Morgan AR., Touchard S., Leckey C., O'Hagan C., Nevado-Holgado AJ., NIMA Consortium None., Barkhof F., Bertram L., Blin O., Bos I., Dobricic V., Engelborghs S., Frisoni G., Frölich L., Gabel S., Johannsen P., Kettunen P., Kłoszewska I., Legido-Quigley C., Lleó A., Martinez-Lage P., Mecocci P., Meersmans K., Molinuevo JL., Peyratout G., Popp J., Richardson J., Sala I., Scheltens P., Streffer J., Soininen H., Tainta-Cuezva M., Teunissen C., Tsolaki M., Vandenberghe R., Visser PJ., Vos S., Wahlund L-O., Wallin A., Westwood S., Zetterberg H., Lovestone S., Morgan BP., Annex: NIMA–Wellcome Trust Consortium for Neuroimmunology of Mood Disorders and Alzheimer's Disease None.

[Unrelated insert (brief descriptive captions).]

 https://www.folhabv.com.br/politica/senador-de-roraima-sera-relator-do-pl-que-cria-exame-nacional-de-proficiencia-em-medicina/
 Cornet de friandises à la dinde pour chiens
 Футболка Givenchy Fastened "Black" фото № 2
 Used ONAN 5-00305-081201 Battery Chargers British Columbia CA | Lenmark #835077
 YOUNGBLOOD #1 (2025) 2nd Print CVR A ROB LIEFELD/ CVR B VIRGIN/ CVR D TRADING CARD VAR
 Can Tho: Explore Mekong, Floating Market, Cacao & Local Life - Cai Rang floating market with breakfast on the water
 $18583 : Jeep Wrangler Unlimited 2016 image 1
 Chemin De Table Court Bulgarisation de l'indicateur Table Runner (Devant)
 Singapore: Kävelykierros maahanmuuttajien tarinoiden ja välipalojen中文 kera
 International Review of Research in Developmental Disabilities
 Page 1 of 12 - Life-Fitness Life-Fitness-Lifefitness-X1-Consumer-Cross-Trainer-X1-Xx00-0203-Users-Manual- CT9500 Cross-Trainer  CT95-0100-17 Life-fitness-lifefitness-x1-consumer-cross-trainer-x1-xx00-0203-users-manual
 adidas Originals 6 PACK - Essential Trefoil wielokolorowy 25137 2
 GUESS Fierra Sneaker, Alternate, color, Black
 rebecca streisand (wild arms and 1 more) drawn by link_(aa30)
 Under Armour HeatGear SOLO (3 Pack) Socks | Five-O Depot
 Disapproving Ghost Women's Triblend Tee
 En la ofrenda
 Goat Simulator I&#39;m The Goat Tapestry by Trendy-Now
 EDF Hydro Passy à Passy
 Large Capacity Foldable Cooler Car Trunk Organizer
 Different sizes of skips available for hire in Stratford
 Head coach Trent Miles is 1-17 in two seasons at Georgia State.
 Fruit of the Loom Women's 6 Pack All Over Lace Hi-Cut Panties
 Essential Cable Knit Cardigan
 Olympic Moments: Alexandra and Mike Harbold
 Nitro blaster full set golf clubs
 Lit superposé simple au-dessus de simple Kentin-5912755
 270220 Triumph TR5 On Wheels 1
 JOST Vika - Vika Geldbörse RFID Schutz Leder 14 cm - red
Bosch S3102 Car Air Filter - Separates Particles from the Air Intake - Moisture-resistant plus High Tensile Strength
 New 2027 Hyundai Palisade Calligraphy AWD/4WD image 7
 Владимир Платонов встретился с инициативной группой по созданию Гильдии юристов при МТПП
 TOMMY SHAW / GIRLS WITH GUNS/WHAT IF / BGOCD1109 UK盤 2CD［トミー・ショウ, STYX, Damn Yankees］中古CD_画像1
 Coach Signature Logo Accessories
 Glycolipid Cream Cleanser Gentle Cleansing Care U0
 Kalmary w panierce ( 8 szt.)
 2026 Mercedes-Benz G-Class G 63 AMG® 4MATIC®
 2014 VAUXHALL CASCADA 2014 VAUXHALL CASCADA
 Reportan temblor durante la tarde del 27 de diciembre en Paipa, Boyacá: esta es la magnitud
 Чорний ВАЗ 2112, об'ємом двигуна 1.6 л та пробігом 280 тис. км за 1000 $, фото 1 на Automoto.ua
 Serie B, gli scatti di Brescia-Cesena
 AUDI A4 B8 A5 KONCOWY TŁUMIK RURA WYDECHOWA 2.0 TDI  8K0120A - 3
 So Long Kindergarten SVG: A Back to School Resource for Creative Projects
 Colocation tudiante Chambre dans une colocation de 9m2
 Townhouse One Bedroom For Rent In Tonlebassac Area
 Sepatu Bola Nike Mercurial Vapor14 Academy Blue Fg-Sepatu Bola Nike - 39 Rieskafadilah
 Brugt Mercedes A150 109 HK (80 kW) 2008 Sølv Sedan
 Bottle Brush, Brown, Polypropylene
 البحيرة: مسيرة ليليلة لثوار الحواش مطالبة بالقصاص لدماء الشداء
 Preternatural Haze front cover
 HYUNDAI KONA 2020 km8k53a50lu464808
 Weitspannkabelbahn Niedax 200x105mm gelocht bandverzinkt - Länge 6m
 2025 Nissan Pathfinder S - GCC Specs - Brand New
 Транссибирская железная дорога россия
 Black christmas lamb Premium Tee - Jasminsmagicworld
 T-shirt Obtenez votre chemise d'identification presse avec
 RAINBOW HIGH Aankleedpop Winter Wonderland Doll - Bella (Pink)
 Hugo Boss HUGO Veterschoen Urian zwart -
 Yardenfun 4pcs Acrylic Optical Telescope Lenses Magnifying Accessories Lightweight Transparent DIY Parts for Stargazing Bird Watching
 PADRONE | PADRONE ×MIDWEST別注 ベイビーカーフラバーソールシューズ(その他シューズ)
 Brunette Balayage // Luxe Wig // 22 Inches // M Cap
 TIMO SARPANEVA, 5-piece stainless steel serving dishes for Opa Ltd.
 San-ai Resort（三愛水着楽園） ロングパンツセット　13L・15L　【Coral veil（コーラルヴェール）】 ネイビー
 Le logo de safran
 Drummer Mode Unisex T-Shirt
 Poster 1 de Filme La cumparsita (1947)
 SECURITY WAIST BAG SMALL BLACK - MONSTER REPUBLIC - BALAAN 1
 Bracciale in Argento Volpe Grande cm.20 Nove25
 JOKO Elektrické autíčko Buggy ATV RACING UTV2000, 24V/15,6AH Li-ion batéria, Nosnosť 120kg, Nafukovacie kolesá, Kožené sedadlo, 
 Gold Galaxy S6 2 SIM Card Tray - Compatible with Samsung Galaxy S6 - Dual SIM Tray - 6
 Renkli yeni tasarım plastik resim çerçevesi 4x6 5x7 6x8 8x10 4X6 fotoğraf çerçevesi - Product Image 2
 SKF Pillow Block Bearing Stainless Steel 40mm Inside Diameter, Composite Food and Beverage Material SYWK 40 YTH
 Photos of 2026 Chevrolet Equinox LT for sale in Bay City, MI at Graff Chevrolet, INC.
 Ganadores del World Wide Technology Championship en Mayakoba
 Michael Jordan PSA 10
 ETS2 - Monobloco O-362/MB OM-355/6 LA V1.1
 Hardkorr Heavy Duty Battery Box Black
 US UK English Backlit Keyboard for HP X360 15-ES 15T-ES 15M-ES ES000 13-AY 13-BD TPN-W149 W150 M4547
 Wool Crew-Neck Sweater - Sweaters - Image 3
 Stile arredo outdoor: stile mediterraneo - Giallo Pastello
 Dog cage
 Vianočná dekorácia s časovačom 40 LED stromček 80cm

INTRODUCTION: Plasma biomarkers for Alzheimer's disease (AD) diagnosis/stratification are a "Holy Grail" of AD research and intensively sought; however, there are no well-established plasma markers. METHODS: A hypothesis-led plasma biomarker search was conducted in the context of international multicenter studies. The discovery phase measured 53 inflammatory proteins in elderly control (CTL; 259), mild cognitive impairment (MCI; 199), and AD (262) subjects from AddNeuroMed. RESULTS: Ten analytes showed significant intergroup differences. Logistic regression identified five (FB, FH, sCR1, MCP-1, eotaxin-1) that, age/APOε4 adjusted, optimally differentiated AD and CTL (AUC: 0.79), and three (sCR1, MCP-1, eotaxin-1) that optimally differentiated AD and MCI (AUC: 0.74). These models replicated in an independent cohort (EMIF; AUC 0.81 and 0.67). Two analytes (FB, FH) plus age predicted MCI progression to AD (AUC: 0.71). DISCUSSION: Plasma markers of inflammation and complement dysregulation support diagnosis and outcome prediction in AD and MCI. Further replication is needed before clinical translation.